Last year, the GPSA decided to fund Slope Day at $1.50 because they argued that Slope Day is an “undergraduate” event and that grad students are therefore less responsible for covering the costs.
But 90 percent less responsible?
During deliberations, GPSA representatives argued that most graduate and professional students do not attend Slope Day and are, instead, conducting research in labs or teaching sections (sections that are comprised of undergraduates, who in case you didn’t notice — AREN’T THERE!)
Numbers that were presented to the Student Assembly last week reveal that the GPSA may be a bit off in their estimates of how many of the graduate and professional students actually attend Slope Day.
In fact, nearly 1,500 graduate and professional students (about 22 percent) attended Slope Day 2009. And this was in a year when it rained on Slope Day and only about 52 percent of undergraduates attended. Had it been a sunny day, you can rest assured that these numbers would have been a lot higher all around.
Additionally, there is a 15-20 percent error from these figures because of problems scanning ID cards. That means as many as 42 percent of graduate and professional students attended Slope Day.
Graduate students are short-changing undergraduates by an insane amount of money.
There is only one way to correct this disparity: stop the (nearly) free rides and sell the graduate and professional students tickets to come to Slope Day.
How do we charge the graduate and professional tickets? Technically, the SA cannot mandate the GPSA do to anything.
Unfortunately, the SA will have to come down to using the Slope Day Programming Board as the enforcers of the ticket policy.
In Appendix B of the SA’s charter, there are guidelines and stipulations that the SA can place on by-line funded organizations (such as Slope Day, Concert Commission, Cinema, etc). Last year, the SA stipulated that the Slope Day Programming Board collect “demographic information from all Slope Day entrants beginning in May 2008.” In turn, “this information must be reported to the Student Assembly and GPSA during the Fall Semester following Slope Day. Based on this data, the Student Assembly will assess and if needed remedy the proportional funding relative to the GPSA of the Slope Day Programming Board.”
The data is in. Their arguments have been proven false. It’s time, Student Assembly, to remedy the proportional funding.
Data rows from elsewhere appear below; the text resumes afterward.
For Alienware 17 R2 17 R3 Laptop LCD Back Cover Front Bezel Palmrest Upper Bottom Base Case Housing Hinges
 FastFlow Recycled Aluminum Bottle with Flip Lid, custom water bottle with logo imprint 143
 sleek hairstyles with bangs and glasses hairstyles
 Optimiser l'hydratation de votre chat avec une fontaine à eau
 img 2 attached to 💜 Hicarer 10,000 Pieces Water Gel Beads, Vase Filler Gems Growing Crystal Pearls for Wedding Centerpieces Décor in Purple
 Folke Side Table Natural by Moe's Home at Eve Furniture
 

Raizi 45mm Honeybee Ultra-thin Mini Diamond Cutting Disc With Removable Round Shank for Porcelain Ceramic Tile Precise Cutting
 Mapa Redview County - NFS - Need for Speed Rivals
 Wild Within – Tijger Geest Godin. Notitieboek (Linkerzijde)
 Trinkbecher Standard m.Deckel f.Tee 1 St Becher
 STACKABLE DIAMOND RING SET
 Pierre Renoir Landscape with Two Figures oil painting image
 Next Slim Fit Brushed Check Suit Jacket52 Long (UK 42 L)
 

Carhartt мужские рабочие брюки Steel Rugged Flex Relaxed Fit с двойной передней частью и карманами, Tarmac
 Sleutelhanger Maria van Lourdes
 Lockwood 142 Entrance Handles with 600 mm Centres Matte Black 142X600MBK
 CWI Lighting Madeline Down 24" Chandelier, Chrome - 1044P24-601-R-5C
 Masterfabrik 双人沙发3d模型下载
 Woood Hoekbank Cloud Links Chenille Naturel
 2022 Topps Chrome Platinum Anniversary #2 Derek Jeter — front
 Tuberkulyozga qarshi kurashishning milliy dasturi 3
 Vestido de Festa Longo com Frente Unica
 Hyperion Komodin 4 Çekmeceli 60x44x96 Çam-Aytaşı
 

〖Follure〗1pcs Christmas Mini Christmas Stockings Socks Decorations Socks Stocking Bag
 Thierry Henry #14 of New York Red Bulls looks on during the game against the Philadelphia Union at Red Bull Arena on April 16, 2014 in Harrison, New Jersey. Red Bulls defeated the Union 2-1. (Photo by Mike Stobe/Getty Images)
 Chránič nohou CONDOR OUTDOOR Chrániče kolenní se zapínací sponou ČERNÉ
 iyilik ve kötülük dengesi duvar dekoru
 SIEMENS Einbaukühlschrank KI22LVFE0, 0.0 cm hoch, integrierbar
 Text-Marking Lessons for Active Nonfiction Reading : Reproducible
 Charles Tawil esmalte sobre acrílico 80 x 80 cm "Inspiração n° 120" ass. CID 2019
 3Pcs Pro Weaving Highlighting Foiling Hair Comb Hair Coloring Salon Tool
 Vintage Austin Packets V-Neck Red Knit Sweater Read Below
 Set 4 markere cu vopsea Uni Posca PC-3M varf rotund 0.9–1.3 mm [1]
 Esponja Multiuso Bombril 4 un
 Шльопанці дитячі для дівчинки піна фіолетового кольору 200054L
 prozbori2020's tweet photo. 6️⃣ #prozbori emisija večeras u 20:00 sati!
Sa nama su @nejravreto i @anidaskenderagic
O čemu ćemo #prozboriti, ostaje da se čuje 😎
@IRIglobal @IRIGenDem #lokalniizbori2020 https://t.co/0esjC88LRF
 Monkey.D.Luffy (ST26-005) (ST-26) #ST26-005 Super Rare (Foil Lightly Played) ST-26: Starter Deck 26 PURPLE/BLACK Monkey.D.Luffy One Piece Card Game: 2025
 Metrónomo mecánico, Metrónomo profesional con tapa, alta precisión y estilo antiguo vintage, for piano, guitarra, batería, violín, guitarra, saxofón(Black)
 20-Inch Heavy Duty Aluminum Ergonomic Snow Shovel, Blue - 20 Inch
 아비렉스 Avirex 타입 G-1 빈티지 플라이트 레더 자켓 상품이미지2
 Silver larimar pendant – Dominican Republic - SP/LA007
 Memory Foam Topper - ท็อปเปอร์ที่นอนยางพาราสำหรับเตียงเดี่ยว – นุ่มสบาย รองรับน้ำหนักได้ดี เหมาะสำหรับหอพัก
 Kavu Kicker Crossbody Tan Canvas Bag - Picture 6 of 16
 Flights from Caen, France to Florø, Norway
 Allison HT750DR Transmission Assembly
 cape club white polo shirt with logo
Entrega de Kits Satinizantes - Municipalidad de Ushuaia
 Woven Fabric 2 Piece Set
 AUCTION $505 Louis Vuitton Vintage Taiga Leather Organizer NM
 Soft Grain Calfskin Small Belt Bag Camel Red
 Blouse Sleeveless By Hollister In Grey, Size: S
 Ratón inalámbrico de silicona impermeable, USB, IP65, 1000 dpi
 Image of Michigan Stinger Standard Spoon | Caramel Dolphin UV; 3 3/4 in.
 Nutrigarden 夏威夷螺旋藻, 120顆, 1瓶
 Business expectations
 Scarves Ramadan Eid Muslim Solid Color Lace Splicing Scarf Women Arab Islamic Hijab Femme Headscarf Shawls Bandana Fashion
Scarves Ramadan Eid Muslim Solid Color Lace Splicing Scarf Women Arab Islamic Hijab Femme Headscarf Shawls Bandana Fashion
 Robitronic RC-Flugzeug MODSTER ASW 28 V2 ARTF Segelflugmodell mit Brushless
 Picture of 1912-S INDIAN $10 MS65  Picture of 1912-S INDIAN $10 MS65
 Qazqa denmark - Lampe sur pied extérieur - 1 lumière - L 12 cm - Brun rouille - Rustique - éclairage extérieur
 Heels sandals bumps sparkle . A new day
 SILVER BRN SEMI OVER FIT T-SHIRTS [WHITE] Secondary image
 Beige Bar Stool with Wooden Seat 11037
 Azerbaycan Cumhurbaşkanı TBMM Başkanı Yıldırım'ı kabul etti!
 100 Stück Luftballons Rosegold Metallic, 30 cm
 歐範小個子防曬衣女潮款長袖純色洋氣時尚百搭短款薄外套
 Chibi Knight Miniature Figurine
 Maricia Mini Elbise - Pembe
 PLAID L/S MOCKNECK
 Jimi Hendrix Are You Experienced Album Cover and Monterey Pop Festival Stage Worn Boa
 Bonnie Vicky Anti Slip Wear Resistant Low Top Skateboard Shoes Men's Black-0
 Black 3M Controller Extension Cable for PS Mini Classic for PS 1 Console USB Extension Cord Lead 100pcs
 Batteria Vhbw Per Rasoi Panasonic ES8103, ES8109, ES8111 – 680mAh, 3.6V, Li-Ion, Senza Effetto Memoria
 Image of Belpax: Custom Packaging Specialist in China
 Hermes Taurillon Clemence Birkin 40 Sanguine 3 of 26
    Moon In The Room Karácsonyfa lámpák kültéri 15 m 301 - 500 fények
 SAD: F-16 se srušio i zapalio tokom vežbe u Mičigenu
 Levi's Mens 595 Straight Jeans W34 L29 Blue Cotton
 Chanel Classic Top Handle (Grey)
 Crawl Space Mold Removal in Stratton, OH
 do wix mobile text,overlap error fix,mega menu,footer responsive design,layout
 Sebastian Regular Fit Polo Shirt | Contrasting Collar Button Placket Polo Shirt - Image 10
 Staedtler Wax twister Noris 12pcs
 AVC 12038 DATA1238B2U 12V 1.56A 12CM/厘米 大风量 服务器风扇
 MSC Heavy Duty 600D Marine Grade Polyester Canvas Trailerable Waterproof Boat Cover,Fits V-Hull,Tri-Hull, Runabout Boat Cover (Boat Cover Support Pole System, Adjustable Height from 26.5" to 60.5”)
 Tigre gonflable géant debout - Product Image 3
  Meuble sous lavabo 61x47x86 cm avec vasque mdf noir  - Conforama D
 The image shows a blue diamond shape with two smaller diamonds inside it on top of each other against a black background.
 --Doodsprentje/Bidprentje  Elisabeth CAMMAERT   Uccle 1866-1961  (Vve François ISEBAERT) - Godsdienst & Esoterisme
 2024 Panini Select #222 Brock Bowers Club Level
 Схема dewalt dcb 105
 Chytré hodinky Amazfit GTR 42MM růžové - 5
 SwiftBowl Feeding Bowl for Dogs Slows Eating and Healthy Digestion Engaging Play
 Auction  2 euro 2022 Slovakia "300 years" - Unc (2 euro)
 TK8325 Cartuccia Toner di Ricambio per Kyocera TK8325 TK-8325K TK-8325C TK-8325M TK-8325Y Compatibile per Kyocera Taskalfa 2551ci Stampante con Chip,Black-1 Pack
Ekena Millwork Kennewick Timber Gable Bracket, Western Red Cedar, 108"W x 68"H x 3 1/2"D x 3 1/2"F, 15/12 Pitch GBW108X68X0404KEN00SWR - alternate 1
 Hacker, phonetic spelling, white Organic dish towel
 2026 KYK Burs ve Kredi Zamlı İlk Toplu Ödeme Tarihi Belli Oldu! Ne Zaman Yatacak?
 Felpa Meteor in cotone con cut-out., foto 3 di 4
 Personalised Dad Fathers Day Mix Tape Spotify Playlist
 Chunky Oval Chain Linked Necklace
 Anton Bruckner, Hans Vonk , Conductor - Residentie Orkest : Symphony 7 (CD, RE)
During deliberations last fall between the executive boards of the SA and the GPSA, I suggested that the GPSA withdraw all of their funding and have graduate students purchase $15 tickets if they wanted to attend Slope Day. This shouldn’t have been a problem with the GPSA Executive Board because they don’t think graduate and professional students go to Slope Day, anyway.
Instead, they turned the tables on us, the undergraduates, accusing us of holding the graduate students hostage with a heightened fee for Slope Day.
The last time I checked, Student Assembly members are elected to represent the undergraduates — NOT the graduate and professional students.
Now, combined with the GPSA’s stubbornness and the data that shows that graduate students, do, in fact, attend Slope Day, I propose the following:
Any Graduate and Professional Student who would like to gain entrance to Slope Day must purchase a ticket for $13.50, which is the cost funded per undergraduate ($15) minus the funding already provided by the GPSA ($1.50).
What if the Slope Day Programming Board resists and refuses to start implementing the tickets?
Simply put, the Student Assembly needs to withhold its funding until the problem is corrected. I guarantee you that with an ultimatum like this, it won’t be long before the Graduate and Professional Students start coughing up their fair share of the funding.
Let’s just hope the Edgar Winter Group doesn’t actually make it to Slope Day — in more ways than one.